Mid-Year Review of United Kingdom's Sanctions
The UK Supreme Court has provided guidance on how courts should approach proportionality assessments when reviewing government decisions interfering with human rights, particularly in the context of sanctions designation decisions. This guidance, outlined in the Shvidler & Dalston Projects Supreme Court decision, is based on a four-stage test originally set out in Bank Mellat v HM Treasury (No 2) [2013] UKSC 39.
In the Shvidler case, the Court affirmed that the aim of limiting and deterring Russian aggression in Ukraine is a critically important legitimate aim recognized by the UK Government. The assessment of proportionality involves a structured examination of the sanctions' purpose, their logical fit with that purpose, consideration of less invasive alternatives, and a balancing exercise weighing individual rights against national and international interests.
The first stage, Legitimate Aim, requires courts to determine whether the measure’s objective is sufficiently important to justify limiting a fundamental right. The second stage, Rational Connection, involves assessing whether the measure is rationally connected to achieving that legitimate aim. The third stage, Less Intrusive Means, requires an assessment of whether there is a less intrusive measure available that could achieve the objective. The fourth and final stage, Fair Balance / Proportionality in Strict Sense, involves demonstrating that the public interest outweighs individual rights without causing an imbalance.
The Supreme Court confirmed that appellate courts may conduct a fresh (de novo) assessment of proportionality in cases of significant public interest or social/political implications, rather than merely reviewing the decision for errors. However, in the Shvidler case, the majority upheld the proportionality of the sanctions imposed, emphasizing strong governmental evidence linking the sanctions to a vital security objective. Lord Leggatt dissented, holding that in Mr. Shvidler’s case the designation lacked a rational connection to the sanctions’ objectives and was disproportionate.
In a separate development, OFSI, the UK's financial sanctions regulator, imposed a £300,000 penalty on a UK company, Markom Management Limited (MML), on 31 July 2025. This penalty relates to a breach that occurred in February 2018, when MML facilitated a payment to a person designated under UK Russian sanctions. MML reported the breach to OFSI via its legal representatives in October 2018.
The tardiness and duration of OFSI's investigation merits consideration. It took a further four years for the final penalty notice to be issued, with the initial delay attributed to OFSI's engagement with an unnamed third party. The investigation's length and the lack of justification for the delay raise questions about the efficiency and transparency of the sanctions enforcement process.

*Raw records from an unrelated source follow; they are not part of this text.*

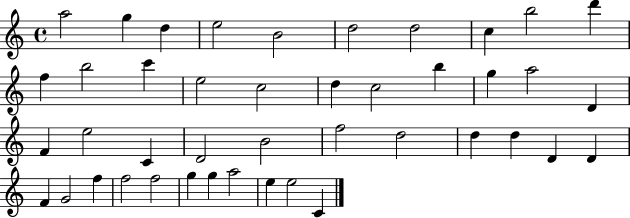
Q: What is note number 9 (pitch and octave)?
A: B5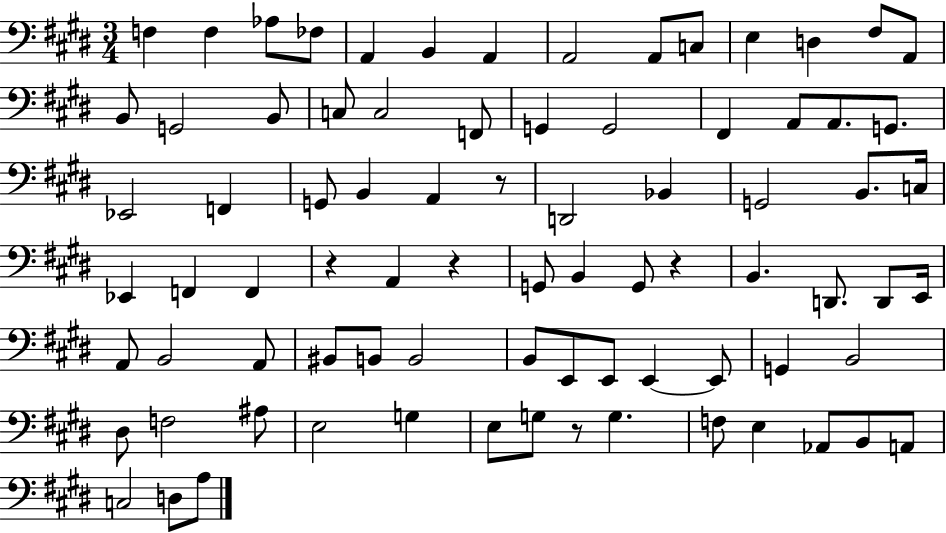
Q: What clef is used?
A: bass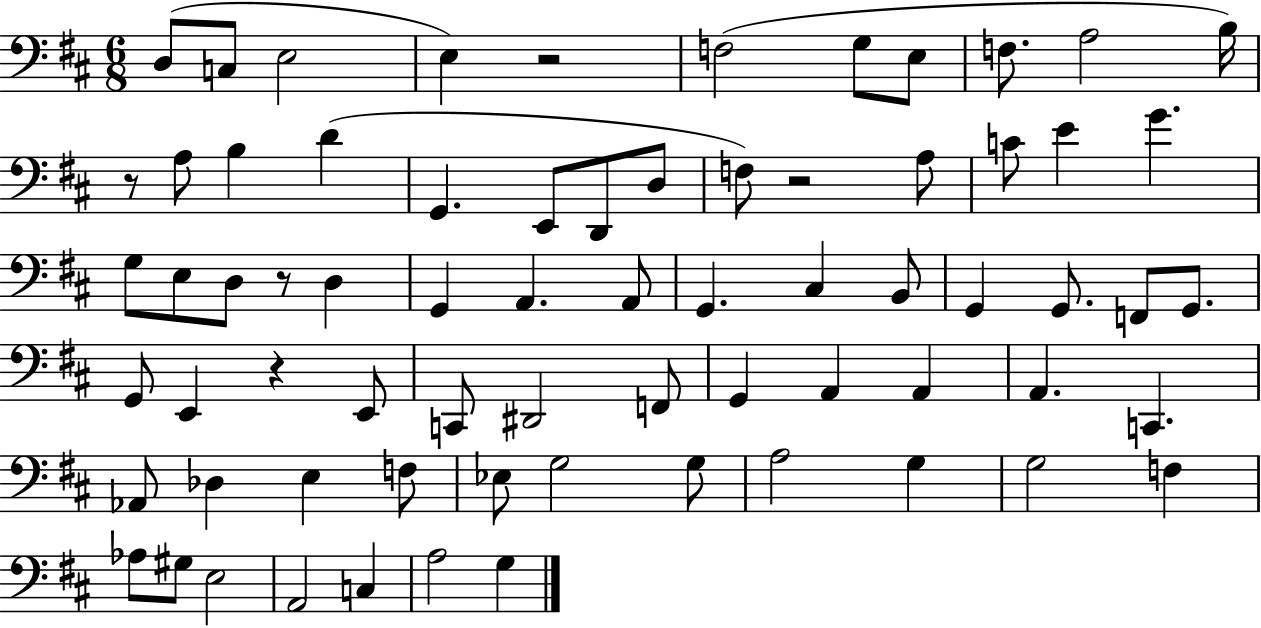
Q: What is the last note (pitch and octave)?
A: G3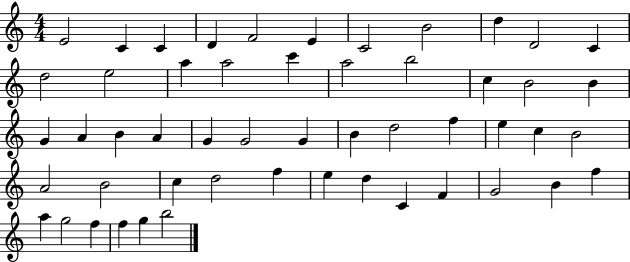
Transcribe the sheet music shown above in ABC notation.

X:1
T:Untitled
M:4/4
L:1/4
K:C
E2 C C D F2 E C2 B2 d D2 C d2 e2 a a2 c' a2 b2 c B2 B G A B A G G2 G B d2 f e c B2 A2 B2 c d2 f e d C F G2 B f a g2 f f g b2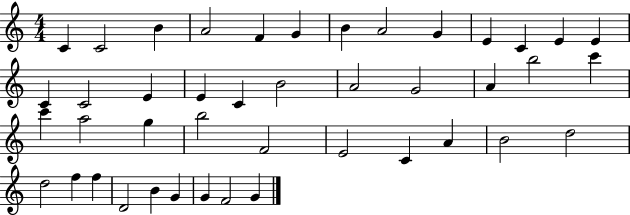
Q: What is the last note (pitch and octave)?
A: G4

The Shvidler & Dalston Projects cases were considered test cases for the UK's sanctions regime and were assessed by the Supreme Court due to their significance. The decision provides valuable guidance for future sanctions designation cases, emphasizing the importance of proportionality assessments and the role of courts in scrutinizing government decisions. However, the impact of Lord Leggatt's dissenting views on future cases remains to be seen.
In the context of the Shvidler & Dalston Projects cases, the Supreme Court highlighted the significance of business and finance, as key areas where proportionality assessments are crucial in sanctions designation decisions. The Court's decision provides guidance for future cases, underlining the importance of examining whether less intrusive business alternatives are available, and maintaining a fair balance between individual rights and national or international interests. Furthermore, the OFSI's enforcement process, as demonstrated in the case of Markom Management Limited, serves as an illustration of the practical implications of these principles in finance-related business matters.